Your instructions:
An acceptable answer repeats exactly the line containing "В Барнауле прошла" and all lines that follow it in the listing below, and it includes no pictures.
BEGIN Supplied material
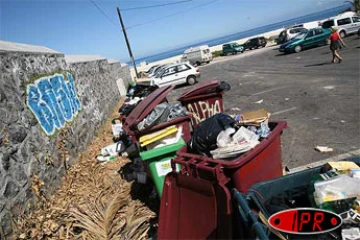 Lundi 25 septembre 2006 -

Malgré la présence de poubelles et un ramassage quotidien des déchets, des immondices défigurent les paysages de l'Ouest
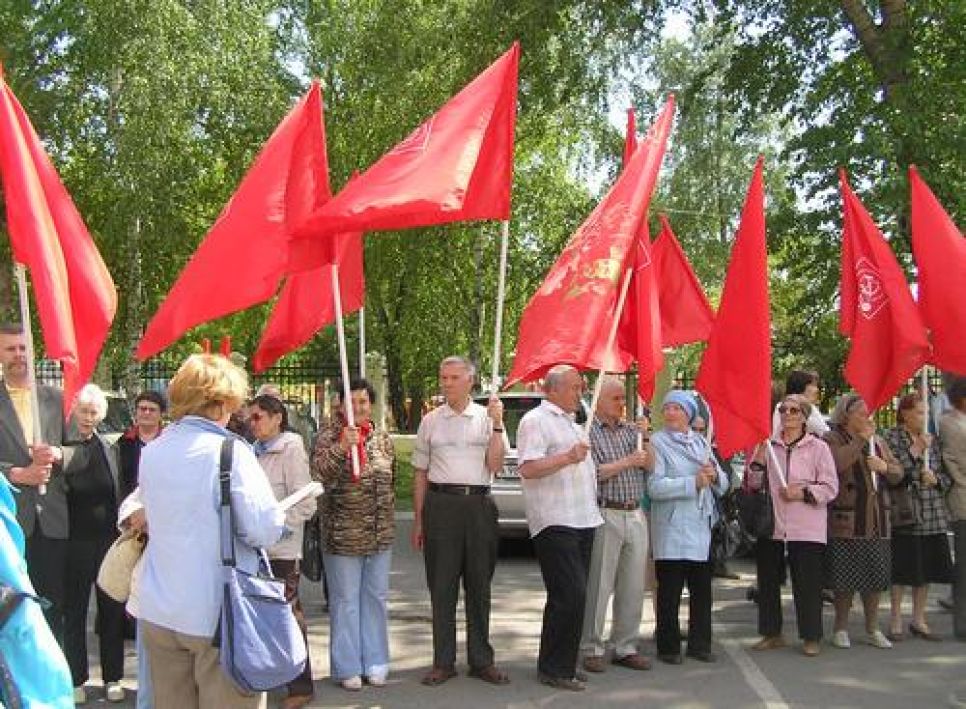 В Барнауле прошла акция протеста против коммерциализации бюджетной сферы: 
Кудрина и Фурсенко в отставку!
END Supplied material
Solution below:
 В Барнауле прошла акция протеста против коммерциализации бюджетной сферы: 
Кудрина и Фурсенко в отставку!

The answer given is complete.